### Task goal
Nothing but the lines from the one with "No backing track, no" through the end of the records may appear in the answer, each reproduced exactly, pictures omitted.

==== Source data

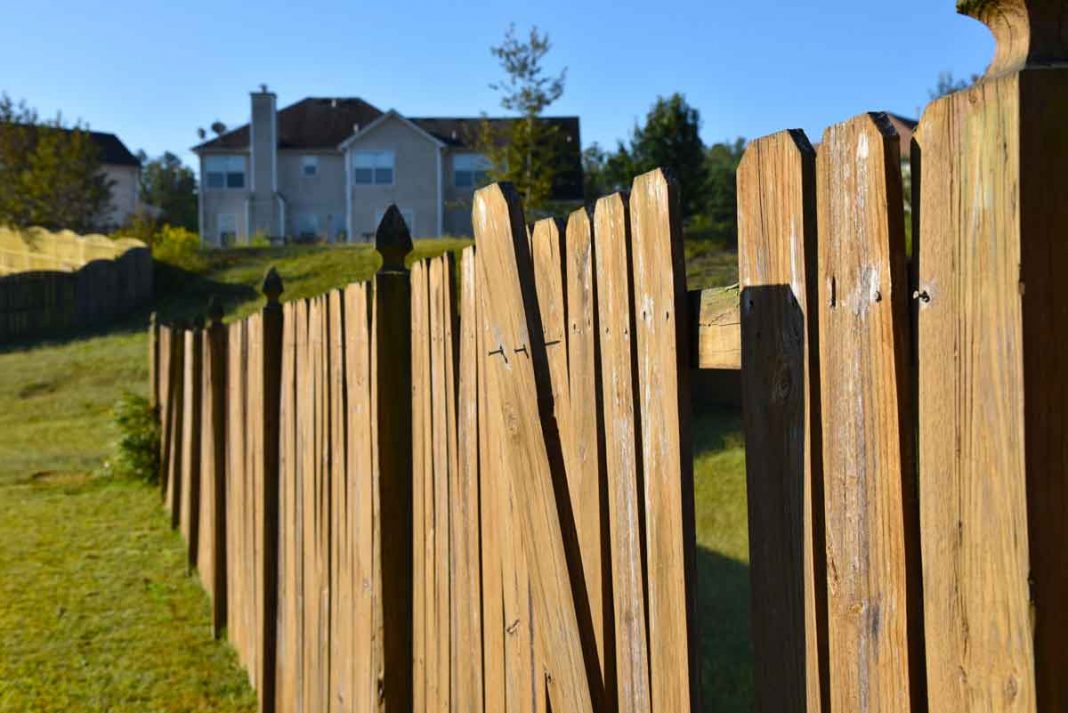 Wood Fence Repair: Common Issues and Solutions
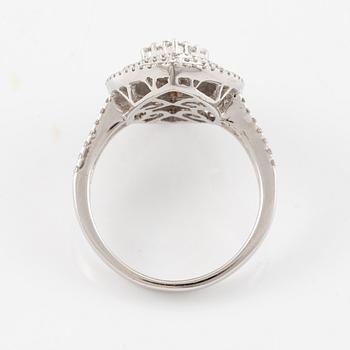 Ring in 18K white gold set with brilliant-cut diamonds,.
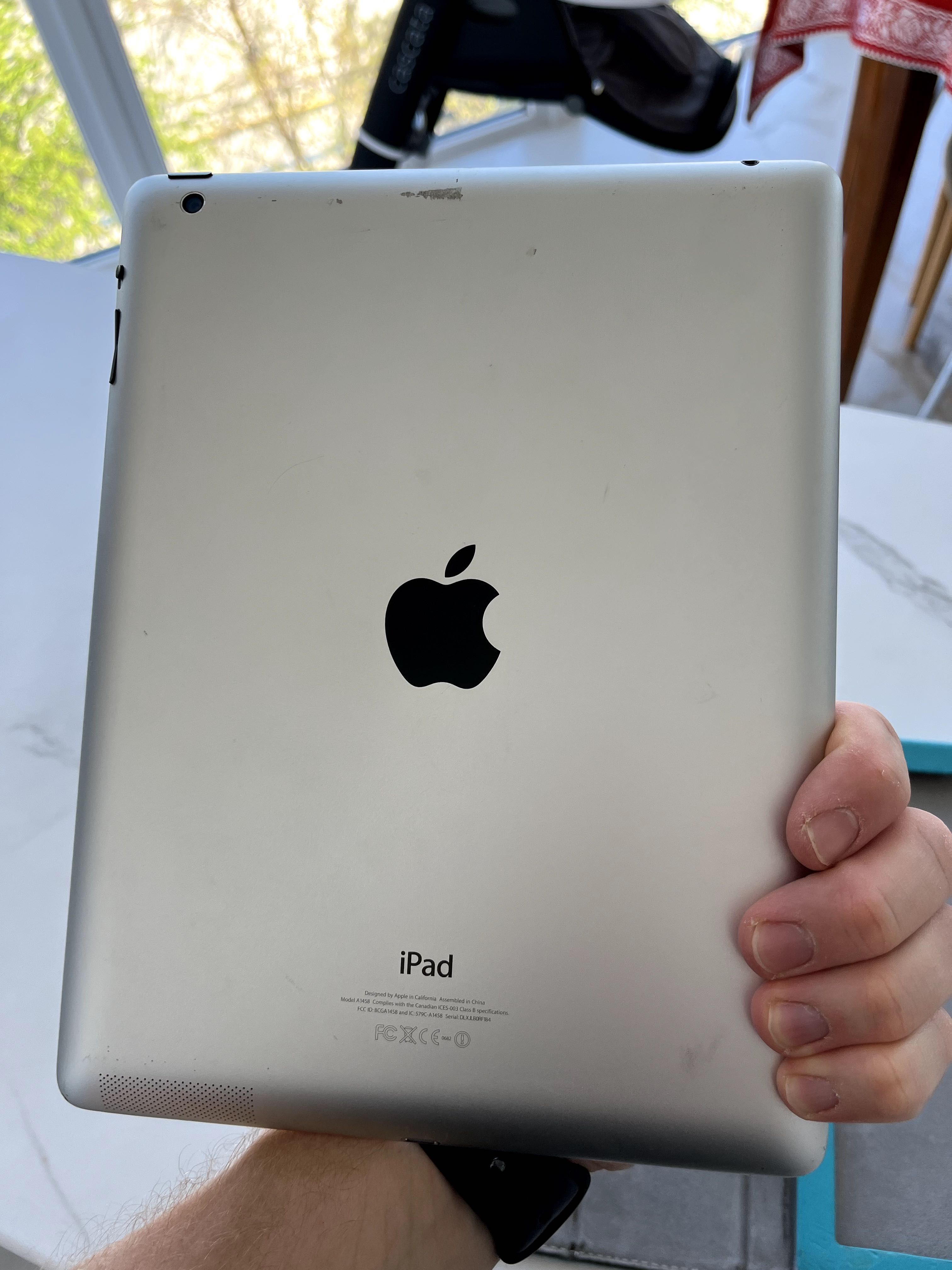 Apple A1458 iPad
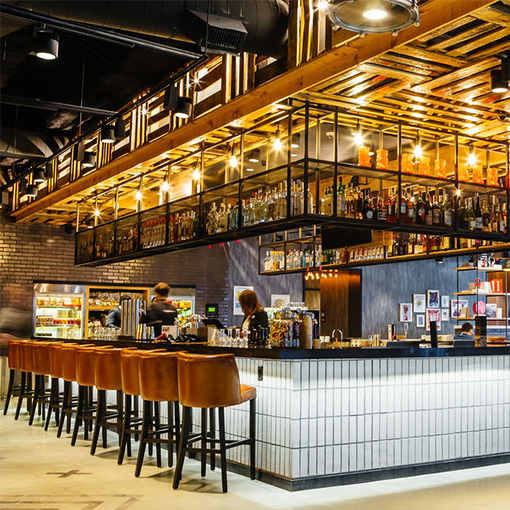 Moxy Bar.png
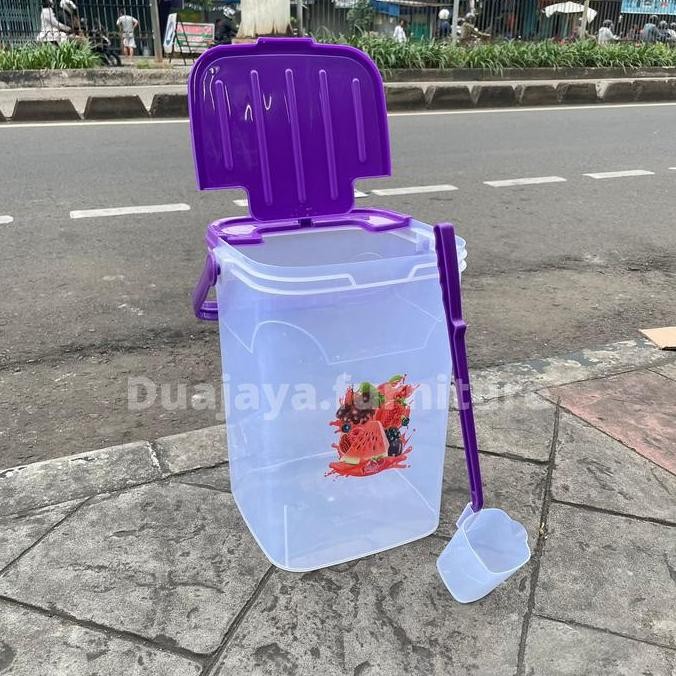 

Aquarium Es Kelapa 30 Liter Gayung / Toples Buah 30 Liter Kiara GVS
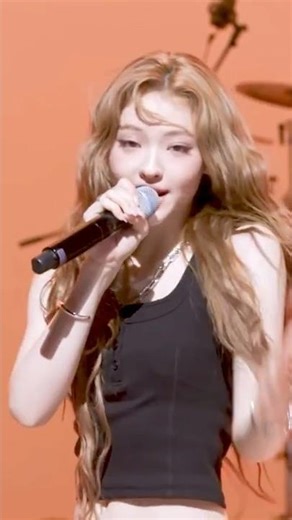 No backing track, no problem. Ella proved she’s that vocalist in “BURNING UP” #shorts #burningup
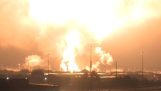 Große Explosion in einer Ölraffinerie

========

### Your solution
 No backing track, no problem. Ella proved she’s that vocalist in “BURNING UP” #shorts #burningup
 Große Explosion in einer Ölraffinerie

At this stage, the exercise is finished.